━━ Data in this exercise
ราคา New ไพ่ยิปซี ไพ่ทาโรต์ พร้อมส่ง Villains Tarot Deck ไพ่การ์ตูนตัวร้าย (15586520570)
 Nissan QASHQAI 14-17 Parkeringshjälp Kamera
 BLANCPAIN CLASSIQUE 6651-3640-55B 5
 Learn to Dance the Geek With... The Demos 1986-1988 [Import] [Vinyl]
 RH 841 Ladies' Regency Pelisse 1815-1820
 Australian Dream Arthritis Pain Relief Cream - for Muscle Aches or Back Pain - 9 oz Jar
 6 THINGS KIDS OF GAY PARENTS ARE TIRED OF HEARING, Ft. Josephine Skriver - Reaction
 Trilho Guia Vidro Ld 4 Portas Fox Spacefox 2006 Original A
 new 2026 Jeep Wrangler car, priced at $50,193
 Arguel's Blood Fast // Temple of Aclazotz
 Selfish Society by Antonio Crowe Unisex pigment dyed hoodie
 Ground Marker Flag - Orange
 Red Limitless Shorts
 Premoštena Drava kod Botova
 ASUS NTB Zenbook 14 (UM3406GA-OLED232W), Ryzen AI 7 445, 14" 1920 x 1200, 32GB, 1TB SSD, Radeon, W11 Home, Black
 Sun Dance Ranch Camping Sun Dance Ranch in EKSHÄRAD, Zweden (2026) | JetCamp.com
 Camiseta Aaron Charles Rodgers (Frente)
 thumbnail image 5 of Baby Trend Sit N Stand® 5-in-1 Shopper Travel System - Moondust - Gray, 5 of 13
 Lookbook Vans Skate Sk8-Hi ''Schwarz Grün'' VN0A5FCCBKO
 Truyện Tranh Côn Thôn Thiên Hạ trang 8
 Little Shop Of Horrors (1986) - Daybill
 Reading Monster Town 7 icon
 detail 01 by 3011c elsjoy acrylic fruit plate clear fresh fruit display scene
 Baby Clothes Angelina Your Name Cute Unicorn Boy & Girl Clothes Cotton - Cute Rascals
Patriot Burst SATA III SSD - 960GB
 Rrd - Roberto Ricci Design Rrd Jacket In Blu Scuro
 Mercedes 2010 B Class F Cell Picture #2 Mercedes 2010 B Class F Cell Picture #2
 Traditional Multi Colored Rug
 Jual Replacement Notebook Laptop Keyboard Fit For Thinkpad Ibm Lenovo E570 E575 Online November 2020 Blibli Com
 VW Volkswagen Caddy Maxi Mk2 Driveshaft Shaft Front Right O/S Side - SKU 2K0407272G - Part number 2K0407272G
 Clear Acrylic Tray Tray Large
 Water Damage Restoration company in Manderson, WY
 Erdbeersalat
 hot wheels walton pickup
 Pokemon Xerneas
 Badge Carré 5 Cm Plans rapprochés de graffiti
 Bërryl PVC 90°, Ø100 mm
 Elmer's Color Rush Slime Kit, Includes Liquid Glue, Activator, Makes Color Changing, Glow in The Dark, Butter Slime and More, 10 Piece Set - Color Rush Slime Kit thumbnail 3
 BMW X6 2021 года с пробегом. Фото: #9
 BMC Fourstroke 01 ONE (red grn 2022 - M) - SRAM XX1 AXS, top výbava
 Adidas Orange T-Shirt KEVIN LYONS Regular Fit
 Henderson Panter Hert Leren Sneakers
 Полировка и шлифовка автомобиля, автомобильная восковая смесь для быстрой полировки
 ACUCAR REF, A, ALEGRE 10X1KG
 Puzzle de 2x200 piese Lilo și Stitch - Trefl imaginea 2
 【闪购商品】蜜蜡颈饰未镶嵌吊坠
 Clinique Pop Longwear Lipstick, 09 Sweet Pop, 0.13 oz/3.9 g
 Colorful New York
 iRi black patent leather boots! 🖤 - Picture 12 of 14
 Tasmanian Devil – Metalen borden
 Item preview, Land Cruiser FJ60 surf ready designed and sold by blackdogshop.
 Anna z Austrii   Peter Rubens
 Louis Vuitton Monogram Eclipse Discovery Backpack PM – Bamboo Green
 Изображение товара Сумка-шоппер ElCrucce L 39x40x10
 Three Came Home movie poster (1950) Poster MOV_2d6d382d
━━━━
### [Task goal]
Return all of the entries above exactly as they stand.

### [Response to the exercise]
ราคา New ไพ่ยิปซี ไพ่ทาโรต์ พร้อมส่ง Villains Tarot Deck ไพ่การ์ตูนตัวร้าย (15586520570)
 Nissan QASHQAI 14-17 Parkeringshjälp Kamera
 BLANCPAIN CLASSIQUE 6651-3640-55B 5
 Learn to Dance the Geek With... The Demos 1986-1988 [Import] [Vinyl]
 RH 841 Ladies' Regency Pelisse 1815-1820
 Australian Dream Arthritis Pain Relief Cream - for Muscle Aches or Back Pain - 9 oz Jar
 6 THINGS KIDS OF GAY PARENTS ARE TIRED OF HEARING, Ft. Josephine Skriver - Reaction
 Trilho Guia Vidro Ld 4 Portas Fox Spacefox 2006 Original A
 new 2026 Jeep Wrangler car, priced at $50,193
 Arguel's Blood Fast // Temple of Aclazotz
 Selfish Society by Antonio Crowe Unisex pigment dyed hoodie
 Ground Marker Flag - Orange
 Red Limitless Shorts
 Premoštena Drava kod Botova
 ASUS NTB Zenbook 14 (UM3406GA-OLED232W), Ryzen AI 7 445, 14" 1920 x 1200, 32GB, 1TB SSD, Radeon, W11 Home, Black
 Sun Dance Ranch Camping Sun Dance Ranch in EKSHÄRAD, Zweden (2026) | JetCamp.com
 Camiseta Aaron Charles Rodgers (Frente)
 thumbnail image 5 of Baby Trend Sit N Stand® 5-in-1 Shopper Travel System - Moondust - Gray, 5 of 13
 Lookbook Vans Skate Sk8-Hi ''Schwarz Grün'' VN0A5FCCBKO
 Truyện Tranh Côn Thôn Thiên Hạ trang 8
 Little Shop Of Horrors (1986) - Daybill
 Reading Monster Town 7 icon
 detail 01 by 3011c elsjoy acrylic fruit plate clear fresh fruit display scene
 Baby Clothes Angelina Your Name Cute Unicorn Boy & Girl Clothes Cotton - Cute Rascals
Patriot Burst SATA III SSD - 960GB
 Rrd - Roberto Ricci Design Rrd Jacket In Blu Scuro
 Mercedes 2010 B Class F Cell Picture #2 Mercedes 2010 B Class F Cell Picture #2
 Traditional Multi Colored Rug
 Jual Replacement Notebook Laptop Keyboard Fit For Thinkpad Ibm Lenovo E570 E575 Online November 2020 Blibli Com
 VW Volkswagen Caddy Maxi Mk2 Driveshaft Shaft Front Right O/S Side - SKU 2K0407272G - Part number 2K0407272G
 Clear Acrylic Tray Tray Large
 Water Damage Restoration company in Manderson, WY
 Erdbeersalat
 hot wheels walton pickup
 Pokemon Xerneas
 Badge Carré 5 Cm Plans rapprochés de graffiti
 Bërryl PVC 90°, Ø100 mm
 Elmer's Color Rush Slime Kit, Includes Liquid Glue, Activator, Makes Color Changing, Glow in The Dark, Butter Slime and More, 10 Piece Set - Color Rush Slime Kit thumbnail 3
 BMW X6 2021 года с пробегом. Фото: #9
 BMC Fourstroke 01 ONE (red grn 2022 - M) - SRAM XX1 AXS, top výbava
 Adidas Orange T-Shirt KEVIN LYONS Regular Fit
 Henderson Panter Hert Leren Sneakers
 Полировка и шлифовка автомобиля, автомобильная восковая смесь для быстрой полировки
 ACUCAR REF, A, ALEGRE 10X1KG
 Puzzle de 2x200 piese Lilo și Stitch - Trefl imaginea 2
 【闪购商品】蜜蜡颈饰未镶嵌吊坠
 Clinique Pop Longwear Lipstick, 09 Sweet Pop, 0.13 oz/3.9 g
 Colorful New York
 iRi black patent leather boots! 🖤 - Picture 12 of 14
 Tasmanian Devil – Metalen borden
 Item preview, Land Cruiser FJ60 surf ready designed and sold by blackdogshop.
 Anna z Austrii   Peter Rubens
 Louis Vuitton Monogram Eclipse Discovery Backpack PM – Bamboo Green
 Изображение товара Сумка-шоппер ElCrucce L 39x40x10
 Three Came Home movie poster (1950) Poster MOV_2d6d382d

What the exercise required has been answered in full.